- **REQUIRED WORK**: Within the records below is a range that opens at the line with "Scolopostethus forticornis at" and closes at the line with "バックヤードツアーにて。蹄鉄の付け替え。". Return that range word for word, both ends included, and only that range.

------------------------------

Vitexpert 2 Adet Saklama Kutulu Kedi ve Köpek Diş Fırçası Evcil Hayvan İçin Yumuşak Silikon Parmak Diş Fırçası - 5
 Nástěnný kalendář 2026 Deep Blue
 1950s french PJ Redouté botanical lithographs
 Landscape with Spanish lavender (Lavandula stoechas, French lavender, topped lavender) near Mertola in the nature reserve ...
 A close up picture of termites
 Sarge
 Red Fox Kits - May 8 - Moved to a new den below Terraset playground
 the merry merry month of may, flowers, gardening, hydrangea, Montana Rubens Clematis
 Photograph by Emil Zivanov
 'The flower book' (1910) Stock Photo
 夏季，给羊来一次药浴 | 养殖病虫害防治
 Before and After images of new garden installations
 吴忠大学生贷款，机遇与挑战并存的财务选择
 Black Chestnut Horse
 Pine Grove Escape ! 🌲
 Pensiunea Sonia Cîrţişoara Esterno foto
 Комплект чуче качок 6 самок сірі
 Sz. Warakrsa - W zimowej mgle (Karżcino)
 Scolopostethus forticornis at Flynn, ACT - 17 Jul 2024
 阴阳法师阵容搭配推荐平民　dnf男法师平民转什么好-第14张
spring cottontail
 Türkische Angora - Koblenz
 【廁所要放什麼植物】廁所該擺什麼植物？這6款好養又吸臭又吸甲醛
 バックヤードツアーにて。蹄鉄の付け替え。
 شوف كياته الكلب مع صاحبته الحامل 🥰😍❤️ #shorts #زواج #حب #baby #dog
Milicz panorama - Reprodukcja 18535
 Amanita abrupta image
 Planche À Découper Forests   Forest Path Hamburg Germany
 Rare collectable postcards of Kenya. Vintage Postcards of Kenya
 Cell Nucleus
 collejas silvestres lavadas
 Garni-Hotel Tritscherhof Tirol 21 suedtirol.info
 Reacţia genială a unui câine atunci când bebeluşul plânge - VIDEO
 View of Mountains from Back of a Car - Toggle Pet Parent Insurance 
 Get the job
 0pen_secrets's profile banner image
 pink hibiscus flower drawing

------------------------------

- **ANSWER SPACE**:
 Scolopostethus forticornis at Flynn, ACT - 17 Jul 2024
 阴阳法师阵容搭配推荐平民　dnf男法师平民转什么好-第14张
spring cottontail
 Türkische Angora - Koblenz
 【廁所要放什麼植物】廁所該擺什麼植物？這6款好養又吸臭又吸甲醛
 バックヤードツアーにて。蹄鉄の付け替え。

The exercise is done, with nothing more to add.